Callaway Golf revenue – additional information
Callaway Golf is the second largest golf equipment company in the world. Established in 1982 by Ely Callaway, the company sells golf clubs, golf balls, as well as apparel, footwear and accessories for the sport in more than 110 countries worldwide. Callaway Golf also sponsors several professional golf players from different tours, including PGA, LPGA, European PGA, Web.com tour, Champions Tour. PGA’s Phil Mickelson is Callaway Golf’s most valuable athlete asset at the moment. With a brand value of 28 million U.S. dollars in 2015, Phil Mickelson is the second most valuable sports athlete brand worldwide, only behind Tiger Woods.

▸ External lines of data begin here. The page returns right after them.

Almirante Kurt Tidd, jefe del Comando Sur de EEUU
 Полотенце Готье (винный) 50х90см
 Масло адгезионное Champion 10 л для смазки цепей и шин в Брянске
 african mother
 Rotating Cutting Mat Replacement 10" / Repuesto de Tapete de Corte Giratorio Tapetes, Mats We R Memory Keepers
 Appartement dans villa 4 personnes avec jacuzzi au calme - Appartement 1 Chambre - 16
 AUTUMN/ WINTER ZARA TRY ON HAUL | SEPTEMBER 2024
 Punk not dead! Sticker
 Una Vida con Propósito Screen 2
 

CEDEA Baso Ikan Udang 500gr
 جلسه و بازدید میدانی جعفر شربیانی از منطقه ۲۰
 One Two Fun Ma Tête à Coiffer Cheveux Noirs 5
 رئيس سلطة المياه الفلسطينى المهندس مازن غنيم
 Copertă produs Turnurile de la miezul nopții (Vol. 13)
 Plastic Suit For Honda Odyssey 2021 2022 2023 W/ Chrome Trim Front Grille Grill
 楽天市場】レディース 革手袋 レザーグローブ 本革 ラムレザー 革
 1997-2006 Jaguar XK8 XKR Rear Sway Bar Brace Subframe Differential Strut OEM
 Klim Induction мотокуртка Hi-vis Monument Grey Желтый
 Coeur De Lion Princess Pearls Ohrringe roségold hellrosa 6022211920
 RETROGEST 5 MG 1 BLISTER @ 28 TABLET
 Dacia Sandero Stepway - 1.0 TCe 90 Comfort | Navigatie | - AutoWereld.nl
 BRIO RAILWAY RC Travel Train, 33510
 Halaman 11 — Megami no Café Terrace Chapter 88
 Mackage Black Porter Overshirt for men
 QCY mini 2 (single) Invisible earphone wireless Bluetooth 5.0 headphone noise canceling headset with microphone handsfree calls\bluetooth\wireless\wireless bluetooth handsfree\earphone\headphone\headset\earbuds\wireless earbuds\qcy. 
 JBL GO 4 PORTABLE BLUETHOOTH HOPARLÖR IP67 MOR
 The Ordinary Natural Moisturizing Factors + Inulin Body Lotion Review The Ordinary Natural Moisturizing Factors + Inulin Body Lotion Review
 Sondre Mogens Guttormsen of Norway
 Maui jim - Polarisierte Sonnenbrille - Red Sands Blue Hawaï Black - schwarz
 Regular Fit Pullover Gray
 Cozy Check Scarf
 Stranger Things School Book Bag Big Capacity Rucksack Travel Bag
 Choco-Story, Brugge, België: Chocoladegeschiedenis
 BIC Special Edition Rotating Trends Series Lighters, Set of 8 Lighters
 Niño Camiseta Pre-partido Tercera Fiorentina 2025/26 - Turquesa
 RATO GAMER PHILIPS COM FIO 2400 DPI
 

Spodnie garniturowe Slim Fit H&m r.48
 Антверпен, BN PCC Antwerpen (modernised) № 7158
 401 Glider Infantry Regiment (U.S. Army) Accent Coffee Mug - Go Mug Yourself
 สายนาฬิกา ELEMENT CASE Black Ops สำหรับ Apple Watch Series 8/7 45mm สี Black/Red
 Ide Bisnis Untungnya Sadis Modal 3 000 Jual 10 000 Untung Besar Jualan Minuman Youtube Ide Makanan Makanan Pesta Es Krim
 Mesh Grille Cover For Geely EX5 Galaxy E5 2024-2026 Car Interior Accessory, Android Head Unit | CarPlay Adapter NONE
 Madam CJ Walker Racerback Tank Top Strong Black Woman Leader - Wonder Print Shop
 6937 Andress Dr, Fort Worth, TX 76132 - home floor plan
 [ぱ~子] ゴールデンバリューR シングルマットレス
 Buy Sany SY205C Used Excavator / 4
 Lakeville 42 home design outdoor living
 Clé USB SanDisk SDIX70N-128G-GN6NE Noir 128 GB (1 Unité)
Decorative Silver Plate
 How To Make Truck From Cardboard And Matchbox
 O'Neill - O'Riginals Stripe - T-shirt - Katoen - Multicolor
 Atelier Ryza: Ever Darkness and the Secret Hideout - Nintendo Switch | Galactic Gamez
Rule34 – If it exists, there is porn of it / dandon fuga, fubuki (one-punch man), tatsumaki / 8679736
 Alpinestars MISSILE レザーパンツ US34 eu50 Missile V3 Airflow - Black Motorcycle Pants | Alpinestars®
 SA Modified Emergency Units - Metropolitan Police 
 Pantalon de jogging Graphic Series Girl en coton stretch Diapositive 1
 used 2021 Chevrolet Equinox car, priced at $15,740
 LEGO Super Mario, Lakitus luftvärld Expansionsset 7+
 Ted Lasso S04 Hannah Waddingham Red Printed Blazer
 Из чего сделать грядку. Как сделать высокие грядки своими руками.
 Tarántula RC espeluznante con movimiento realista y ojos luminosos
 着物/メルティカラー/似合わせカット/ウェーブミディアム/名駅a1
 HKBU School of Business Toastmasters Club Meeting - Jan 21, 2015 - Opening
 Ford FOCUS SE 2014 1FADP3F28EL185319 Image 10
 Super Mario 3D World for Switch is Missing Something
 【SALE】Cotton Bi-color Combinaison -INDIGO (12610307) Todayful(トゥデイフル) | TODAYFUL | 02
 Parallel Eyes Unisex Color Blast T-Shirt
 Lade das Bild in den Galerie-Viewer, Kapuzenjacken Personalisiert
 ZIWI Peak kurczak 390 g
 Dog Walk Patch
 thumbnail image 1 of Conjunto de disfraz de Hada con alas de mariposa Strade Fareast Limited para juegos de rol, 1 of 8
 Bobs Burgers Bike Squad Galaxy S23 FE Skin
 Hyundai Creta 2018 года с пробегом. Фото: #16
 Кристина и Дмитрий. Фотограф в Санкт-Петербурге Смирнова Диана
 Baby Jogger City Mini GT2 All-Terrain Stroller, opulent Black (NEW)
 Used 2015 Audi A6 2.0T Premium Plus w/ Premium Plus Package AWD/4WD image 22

Callaway Golf’s revenue reached an all-time high in 2007 with revenues of more than one billion U.S. dollars. Since then, the company’s revenue has been slowly declining, with the exception of 2010 and 2014, when the figures slightly increased. In 2015, Callaway Golf’s global revenue was at 843.8 million U.S. dollars, the third lowest amount since 2005. Woods is the most profitable product category for Callaway Golf. In 2015 alone, the company had revenues of 222 million U.S. dollars from the sales of woods. Irons along with accessories are also important categories for the company. Together, these three categories account for just over 70 percent of Callaway Golf’s revenue. The United States is Callaway Golf’s main market, as over 50 percent of its annual revenue in 2015 was generated in the country. Japan is also an important market for the company, with 138 million U.S. dollars in revenue in 2015.